**Work request**. All entries must be returned precisely as they appear.

### Extracted entries ###

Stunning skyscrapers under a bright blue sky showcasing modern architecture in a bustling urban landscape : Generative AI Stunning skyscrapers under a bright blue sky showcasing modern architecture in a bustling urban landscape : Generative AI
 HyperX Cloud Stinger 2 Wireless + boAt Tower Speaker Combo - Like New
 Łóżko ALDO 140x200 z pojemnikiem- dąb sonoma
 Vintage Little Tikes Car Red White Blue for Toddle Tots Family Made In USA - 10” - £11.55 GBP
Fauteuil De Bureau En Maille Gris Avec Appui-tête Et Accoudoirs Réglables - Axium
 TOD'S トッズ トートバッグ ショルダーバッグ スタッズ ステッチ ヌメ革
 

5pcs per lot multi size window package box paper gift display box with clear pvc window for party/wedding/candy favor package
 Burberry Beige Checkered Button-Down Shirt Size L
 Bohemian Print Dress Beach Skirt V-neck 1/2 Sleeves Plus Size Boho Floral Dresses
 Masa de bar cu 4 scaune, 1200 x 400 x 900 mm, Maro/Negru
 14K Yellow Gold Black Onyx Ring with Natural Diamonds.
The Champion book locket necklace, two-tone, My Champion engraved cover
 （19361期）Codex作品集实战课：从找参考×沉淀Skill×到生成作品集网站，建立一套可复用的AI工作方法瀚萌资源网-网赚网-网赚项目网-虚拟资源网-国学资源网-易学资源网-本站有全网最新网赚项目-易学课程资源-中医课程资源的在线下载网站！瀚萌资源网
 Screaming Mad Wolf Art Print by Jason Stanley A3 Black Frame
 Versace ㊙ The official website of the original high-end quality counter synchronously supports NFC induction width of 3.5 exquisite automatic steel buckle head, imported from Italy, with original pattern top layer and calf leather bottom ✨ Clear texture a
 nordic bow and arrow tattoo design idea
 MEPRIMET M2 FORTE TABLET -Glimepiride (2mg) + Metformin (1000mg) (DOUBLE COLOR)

###

**Your solution**.
Stunning skyscrapers under a bright blue sky showcasing modern architecture in a bustling urban landscape : Generative AI Stunning skyscrapers under a bright blue sky showcasing modern architecture in a bustling urban landscape : Generative AI
 HyperX Cloud Stinger 2 Wireless + boAt Tower Speaker Combo - Like New
 Łóżko ALDO 140x200 z pojemnikiem- dąb sonoma
 Vintage Little Tikes Car Red White Blue for Toddle Tots Family Made In USA - 10” - £11.55 GBP
Fauteuil De Bureau En Maille Gris Avec Appui-tête Et Accoudoirs Réglables - Axium
 TOD'S トッズ トートバッグ ショルダーバッグ スタッズ ステッチ ヌメ革
 

5pcs per lot multi size window package box paper gift display box with clear pvc window for party/wedding/candy favor package
 Burberry Beige Checkered Button-Down Shirt Size L
 Bohemian Print Dress Beach Skirt V-neck 1/2 Sleeves Plus Size Boho Floral Dresses
 Masa de bar cu 4 scaune, 1200 x 400 x 900 mm, Maro/Negru
 14K Yellow Gold Black Onyx Ring with Natural Diamonds.
The Champion book locket necklace, two-tone, My Champion engraved cover
 （19361期）Codex作品集实战课：从找参考×沉淀Skill×到生成作品集网站，建立一套可复用的AI工作方法瀚萌资源网-网赚网-网赚项目网-虚拟资源网-国学资源网-易学资源网-本站有全网最新网赚项目-易学课程资源-中医课程资源的在线下载网站！瀚萌资源网
 Screaming Mad Wolf Art Print by Jason Stanley A3 Black Frame
 Versace ㊙ The official website of the original high-end quality counter synchronously supports NFC induction width of 3.5 exquisite automatic steel buckle head, imported from Italy, with original pattern top layer and calf leather bottom ✨ Clear texture a
 nordic bow and arrow tattoo design idea
 MEPRIMET M2 FORTE TABLET -Glimepiride (2mg) + Metformin (1000mg) (DOUBLE COLOR)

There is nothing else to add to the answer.